Although the MoEDAL collaboration didn’t discover magnetic monopoles, the study’s approach produced the most reliable calculation to date of the probable production rate of monopoles in strong magnetic fields. Furthermore, the negative result narrows the range in which future experiments will look for magnetic monopoles.

The search continues this spring: The LHC’s third run will harness a beam with higher energy and five times the luminosity of that in the 2018 run. The MoEDAL experiment will use an updated detector to look for magnetic monopoles with higher mass and magnetic charge. Joining the aluminum trapping detectors will be nuclear tracking detectors consisting of stacked plastic sheets. When a highly ionizing particle rips through the sheets, the damage zone it leaves behind can be etched with a hot sodium hydroxide solution. Then an optical microscope identifies the precise path the particle traversed.

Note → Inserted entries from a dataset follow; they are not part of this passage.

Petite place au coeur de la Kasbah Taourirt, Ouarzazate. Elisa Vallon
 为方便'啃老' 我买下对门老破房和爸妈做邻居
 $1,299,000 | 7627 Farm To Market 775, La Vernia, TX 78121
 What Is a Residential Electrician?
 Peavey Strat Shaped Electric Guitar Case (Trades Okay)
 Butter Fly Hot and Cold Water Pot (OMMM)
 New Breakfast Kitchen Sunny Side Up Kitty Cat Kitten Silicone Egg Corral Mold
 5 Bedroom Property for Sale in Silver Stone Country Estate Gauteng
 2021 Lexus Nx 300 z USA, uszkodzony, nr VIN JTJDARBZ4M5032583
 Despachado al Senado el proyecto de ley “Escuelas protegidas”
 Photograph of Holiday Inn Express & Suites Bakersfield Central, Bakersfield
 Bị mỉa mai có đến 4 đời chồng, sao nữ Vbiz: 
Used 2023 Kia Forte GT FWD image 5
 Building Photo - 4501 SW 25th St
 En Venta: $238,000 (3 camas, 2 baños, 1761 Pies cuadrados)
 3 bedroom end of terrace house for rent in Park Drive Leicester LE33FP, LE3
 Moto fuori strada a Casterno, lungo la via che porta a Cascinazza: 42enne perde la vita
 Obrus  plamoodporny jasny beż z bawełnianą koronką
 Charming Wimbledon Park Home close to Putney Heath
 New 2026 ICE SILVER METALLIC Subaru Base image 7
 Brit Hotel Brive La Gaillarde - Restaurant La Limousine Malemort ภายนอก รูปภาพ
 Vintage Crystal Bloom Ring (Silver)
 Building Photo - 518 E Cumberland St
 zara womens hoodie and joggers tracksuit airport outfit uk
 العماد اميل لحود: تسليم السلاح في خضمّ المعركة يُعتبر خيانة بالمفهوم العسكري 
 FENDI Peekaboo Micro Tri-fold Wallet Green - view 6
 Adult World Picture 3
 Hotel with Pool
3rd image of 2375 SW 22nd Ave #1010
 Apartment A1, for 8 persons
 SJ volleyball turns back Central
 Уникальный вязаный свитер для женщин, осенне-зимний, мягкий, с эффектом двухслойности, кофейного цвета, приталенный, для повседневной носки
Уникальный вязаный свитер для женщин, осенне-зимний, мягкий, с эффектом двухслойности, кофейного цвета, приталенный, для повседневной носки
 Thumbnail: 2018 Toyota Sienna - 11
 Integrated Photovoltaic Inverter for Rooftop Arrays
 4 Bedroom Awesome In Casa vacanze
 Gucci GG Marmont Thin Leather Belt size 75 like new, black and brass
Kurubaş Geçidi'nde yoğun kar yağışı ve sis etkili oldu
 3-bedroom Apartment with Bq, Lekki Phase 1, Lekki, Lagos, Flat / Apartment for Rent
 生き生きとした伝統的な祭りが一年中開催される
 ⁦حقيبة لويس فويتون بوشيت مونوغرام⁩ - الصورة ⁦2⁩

Other highly ionizing particles from beyond the standard model can emerge from heavy-ion collisions and may have strong electrical charges too. “If we do see something, it’s going to be a real battle getting people to believe it,” says James Pinfold, a physics professor at the University of Alberta and the MoEDAL spokesperson. “That’s why we have the two methods.”

The double-detector approach would use the nuclear tracker to reveal a monopole’s path, and the trap would unambiguously identify the magnetic charge. Pinfold says, “If we do discover a monopole, it will be one of the most revolutionary discoveries of the century.”